→ **WHAT IS BEING ASKED**
All of the entries below are to be retyped exactly.

Start of EXCERPTED DATA

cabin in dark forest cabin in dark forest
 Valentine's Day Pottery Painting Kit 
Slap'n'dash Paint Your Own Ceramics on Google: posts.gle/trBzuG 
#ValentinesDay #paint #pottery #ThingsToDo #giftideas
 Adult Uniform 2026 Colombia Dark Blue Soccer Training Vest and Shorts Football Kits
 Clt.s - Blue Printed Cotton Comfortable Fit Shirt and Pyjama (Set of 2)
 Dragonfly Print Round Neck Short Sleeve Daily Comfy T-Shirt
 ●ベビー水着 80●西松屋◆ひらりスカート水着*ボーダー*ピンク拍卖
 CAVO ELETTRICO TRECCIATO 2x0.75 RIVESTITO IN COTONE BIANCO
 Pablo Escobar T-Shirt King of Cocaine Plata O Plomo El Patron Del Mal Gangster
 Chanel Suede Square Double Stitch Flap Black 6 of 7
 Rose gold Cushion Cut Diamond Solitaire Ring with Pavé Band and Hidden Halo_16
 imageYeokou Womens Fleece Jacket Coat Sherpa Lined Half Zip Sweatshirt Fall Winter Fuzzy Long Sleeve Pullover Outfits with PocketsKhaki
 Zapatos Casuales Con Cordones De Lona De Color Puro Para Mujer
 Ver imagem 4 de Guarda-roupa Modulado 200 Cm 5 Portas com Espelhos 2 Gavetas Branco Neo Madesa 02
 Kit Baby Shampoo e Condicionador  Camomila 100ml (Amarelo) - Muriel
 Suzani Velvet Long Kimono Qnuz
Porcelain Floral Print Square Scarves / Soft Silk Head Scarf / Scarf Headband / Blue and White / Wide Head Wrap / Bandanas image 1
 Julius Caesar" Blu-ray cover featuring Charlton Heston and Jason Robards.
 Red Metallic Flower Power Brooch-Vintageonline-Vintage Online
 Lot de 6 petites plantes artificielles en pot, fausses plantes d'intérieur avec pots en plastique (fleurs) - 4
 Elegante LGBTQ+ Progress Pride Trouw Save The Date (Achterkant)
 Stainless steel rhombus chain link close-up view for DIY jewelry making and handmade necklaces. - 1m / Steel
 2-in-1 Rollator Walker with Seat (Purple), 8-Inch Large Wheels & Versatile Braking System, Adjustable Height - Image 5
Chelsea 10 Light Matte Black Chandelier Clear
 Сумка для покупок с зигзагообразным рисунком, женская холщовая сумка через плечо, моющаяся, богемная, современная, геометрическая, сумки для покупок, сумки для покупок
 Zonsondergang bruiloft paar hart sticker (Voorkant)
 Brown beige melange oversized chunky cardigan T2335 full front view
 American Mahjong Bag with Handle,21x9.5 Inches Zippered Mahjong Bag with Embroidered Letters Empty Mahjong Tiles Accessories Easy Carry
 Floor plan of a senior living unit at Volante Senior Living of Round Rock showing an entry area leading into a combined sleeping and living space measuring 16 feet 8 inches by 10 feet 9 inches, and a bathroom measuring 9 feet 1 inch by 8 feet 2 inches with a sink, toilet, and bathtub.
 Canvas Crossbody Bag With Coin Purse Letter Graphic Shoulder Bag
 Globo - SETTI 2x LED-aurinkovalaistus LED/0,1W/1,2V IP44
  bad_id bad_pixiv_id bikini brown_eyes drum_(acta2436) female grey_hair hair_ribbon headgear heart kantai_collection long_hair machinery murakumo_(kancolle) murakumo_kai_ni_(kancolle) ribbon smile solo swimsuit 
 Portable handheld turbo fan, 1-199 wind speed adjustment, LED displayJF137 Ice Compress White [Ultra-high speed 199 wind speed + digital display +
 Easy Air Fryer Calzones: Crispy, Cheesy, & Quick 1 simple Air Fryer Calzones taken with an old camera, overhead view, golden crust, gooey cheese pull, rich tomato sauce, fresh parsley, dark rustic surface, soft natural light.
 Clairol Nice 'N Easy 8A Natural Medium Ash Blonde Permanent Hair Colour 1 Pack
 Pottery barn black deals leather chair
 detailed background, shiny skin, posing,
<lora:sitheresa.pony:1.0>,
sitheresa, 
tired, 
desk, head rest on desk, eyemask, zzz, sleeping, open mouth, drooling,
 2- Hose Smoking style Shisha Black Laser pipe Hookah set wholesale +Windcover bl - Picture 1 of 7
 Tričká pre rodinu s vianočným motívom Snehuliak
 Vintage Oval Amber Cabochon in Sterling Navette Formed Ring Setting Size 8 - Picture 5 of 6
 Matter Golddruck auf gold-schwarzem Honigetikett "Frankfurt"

End of EXCERPTED DATA

→ **WORKED SOLUTION**
cabin in dark forest cabin in dark forest
 Valentine's Day Pottery Painting Kit 
Slap'n'dash Paint Your Own Ceramics on Google: posts.gle/trBzuG 
#ValentinesDay #paint #pottery #ThingsToDo #giftideas
 Adult Uniform 2026 Colombia Dark Blue Soccer Training Vest and Shorts Football Kits
 Clt.s - Blue Printed Cotton Comfortable Fit Shirt and Pyjama (Set of 2)
 Dragonfly Print Round Neck Short Sleeve Daily Comfy T-Shirt
 ●ベビー水着 80●西松屋◆ひらりスカート水着*ボーダー*ピンク拍卖
 CAVO ELETTRICO TRECCIATO 2x0.75 RIVESTITO IN COTONE BIANCO
 Pablo Escobar T-Shirt King of Cocaine Plata O Plomo El Patron Del Mal Gangster
 Chanel Suede Square Double Stitch Flap Black 6 of 7
 Rose gold Cushion Cut Diamond Solitaire Ring with Pavé Band and Hidden Halo_16
 imageYeokou Womens Fleece Jacket Coat Sherpa Lined Half Zip Sweatshirt Fall Winter Fuzzy Long Sleeve Pullover Outfits with PocketsKhaki
 Zapatos Casuales Con Cordones De Lona De Color Puro Para Mujer
 Ver imagem 4 de Guarda-roupa Modulado 200 Cm 5 Portas com Espelhos 2 Gavetas Branco Neo Madesa 02
 Kit Baby Shampoo e Condicionador  Camomila 100ml (Amarelo) - Muriel
 Suzani Velvet Long Kimono Qnuz
Porcelain Floral Print Square Scarves / Soft Silk Head Scarf / Scarf Headband / Blue and White / Wide Head Wrap / Bandanas image 1
 Julius Caesar" Blu-ray cover featuring Charlton Heston and Jason Robards.
 Red Metallic Flower Power Brooch-Vintageonline-Vintage Online
 Lot de 6 petites plantes artificielles en pot, fausses plantes d'intérieur avec pots en plastique (fleurs) - 4
 Elegante LGBTQ+ Progress Pride Trouw Save The Date (Achterkant)
 Stainless steel rhombus chain link close-up view for DIY jewelry making and handmade necklaces. - 1m / Steel
 2-in-1 Rollator Walker with Seat (Purple), 8-Inch Large Wheels & Versatile Braking System, Adjustable Height - Image 5
Chelsea 10 Light Matte Black Chandelier Clear
 Сумка для покупок с зигзагообразным рисунком, женская холщовая сумка через плечо, моющаяся, богемная, современная, геометрическая, сумки для покупок, сумки для покупок
 Zonsondergang bruiloft paar hart sticker (Voorkant)
 Brown beige melange oversized chunky cardigan T2335 full front view
 American Mahjong Bag with Handle,21x9.5 Inches Zippered Mahjong Bag with Embroidered Letters Empty Mahjong Tiles Accessories Easy Carry
 Floor plan of a senior living unit at Volante Senior Living of Round Rock showing an entry area leading into a combined sleeping and living space measuring 16 feet 8 inches by 10 feet 9 inches, and a bathroom measuring 9 feet 1 inch by 8 feet 2 inches with a sink, toilet, and bathtub.
 Canvas Crossbody Bag With Coin Purse Letter Graphic Shoulder Bag
 Globo - SETTI 2x LED-aurinkovalaistus LED/0,1W/1,2V IP44
  bad_id bad_pixiv_id bikini brown_eyes drum_(acta2436) female grey_hair hair_ribbon headgear heart kantai_collection long_hair machinery murakumo_(kancolle) murakumo_kai_ni_(kancolle) ribbon smile solo swimsuit 
 Portable handheld turbo fan, 1-199 wind speed adjustment, LED displayJF137 Ice Compress White [Ultra-high speed 199 wind speed + digital display +
 Easy Air Fryer Calzones: Crispy, Cheesy, & Quick 1 simple Air Fryer Calzones taken with an old camera, overhead view, golden crust, gooey cheese pull, rich tomato sauce, fresh parsley, dark rustic surface, soft natural light.
 Clairol Nice 'N Easy 8A Natural Medium Ash Blonde Permanent Hair Colour 1 Pack
 Pottery barn black deals leather chair
 detailed background, shiny skin, posing,
<lora:sitheresa.pony:1.0>,
sitheresa, 
tired, 
desk, head rest on desk, eyemask, zzz, sleeping, open mouth, drooling,
 2- Hose Smoking style Shisha Black Laser pipe Hookah set wholesale +Windcover bl - Picture 1 of 7
 Tričká pre rodinu s vianočným motívom Snehuliak
 Vintage Oval Amber Cabochon in Sterling Navette Formed Ring Setting Size 8 - Picture 5 of 6
 Matter Golddruck auf gold-schwarzem Honigetikett "Frankfurt"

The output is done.